Collected material →
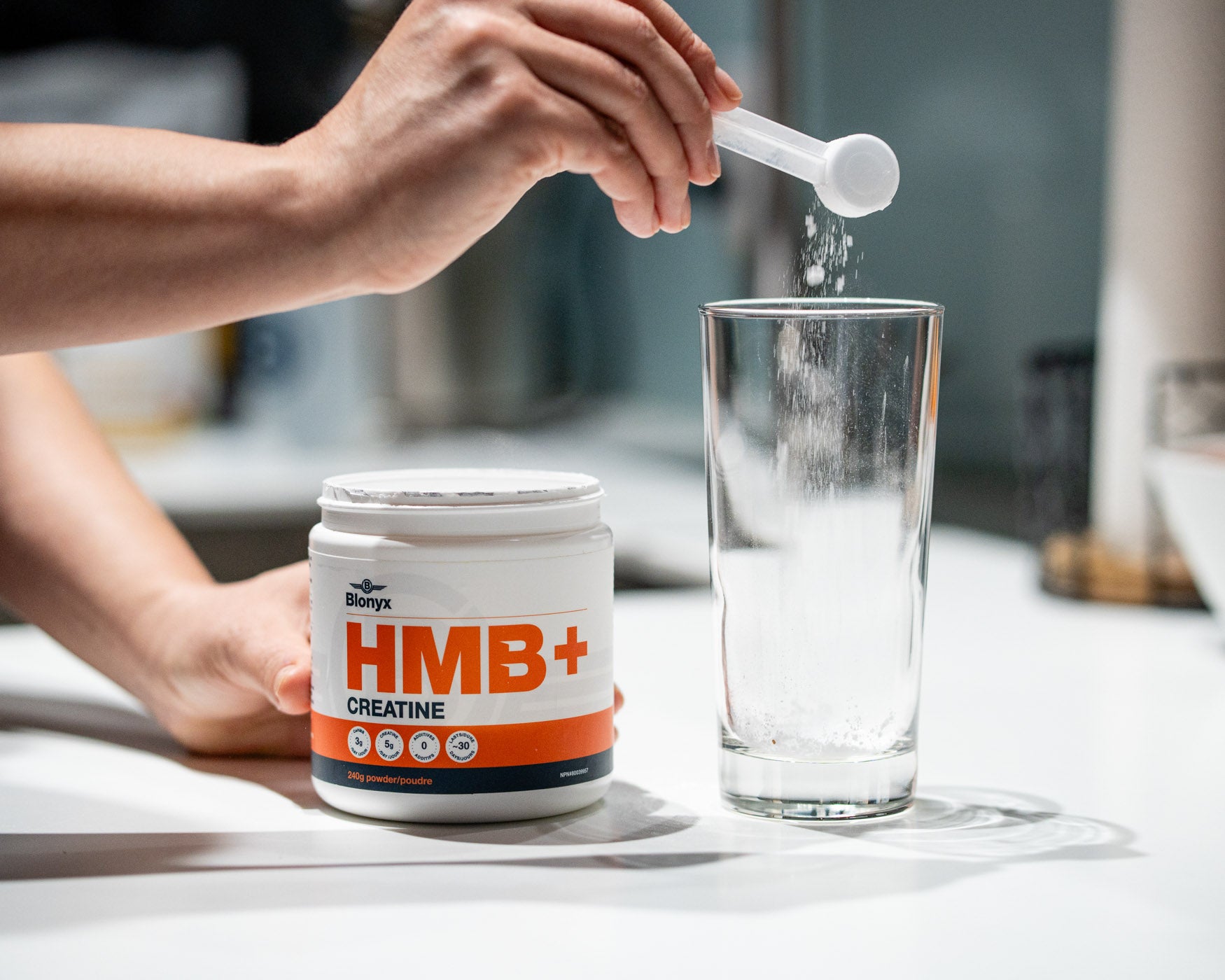 Athlete scooping Blonyx HMB+ Creatine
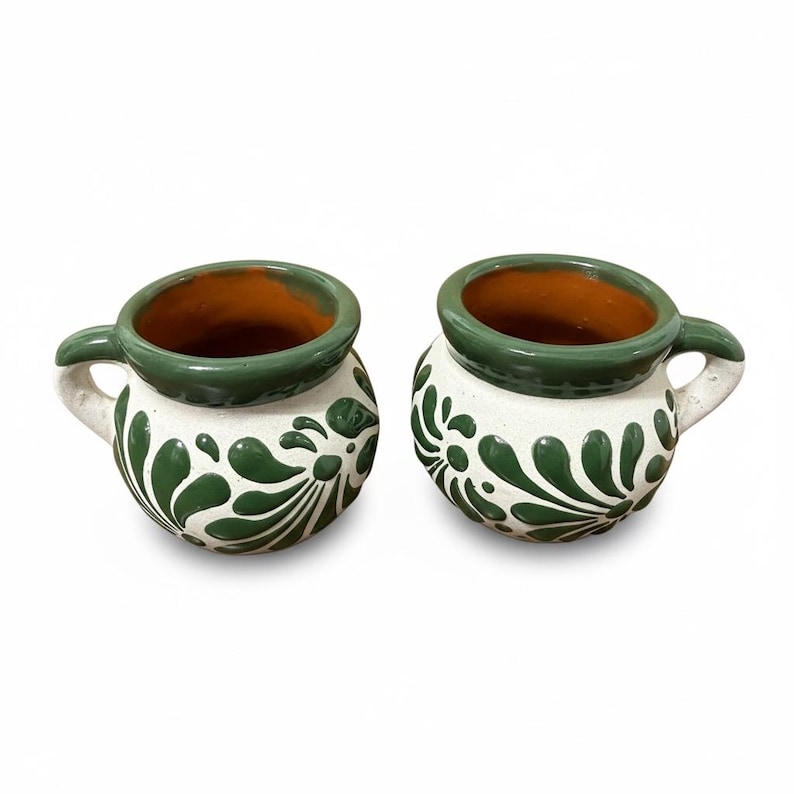 May include: Two handmade ceramic mugs. The mugs are white with green floral designs and green rims. The interior of the mugs is a warm brown color. Each mug has a small handle. The mugs are likely used for drinking beverages.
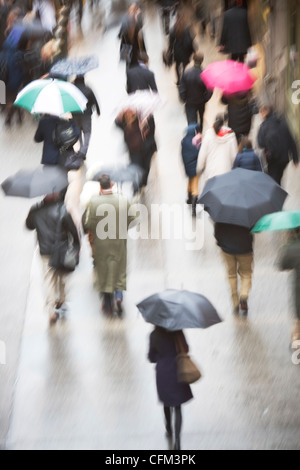 Pedestrians with umbrella Stock Photo - Alamy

Work task → Once the pictures are set aside, restate the remaining data above exactly.

Response area →
 Athlete scooping Blonyx HMB+ Creatine
 May include: Two handmade ceramic mugs. The mugs are white with green floral designs and green rims. The interior of the mugs is a warm brown color. Each mug has a small handle. The mugs are likely used for drinking beverages.
 Pedestrians with umbrella Stock Photo - Alamy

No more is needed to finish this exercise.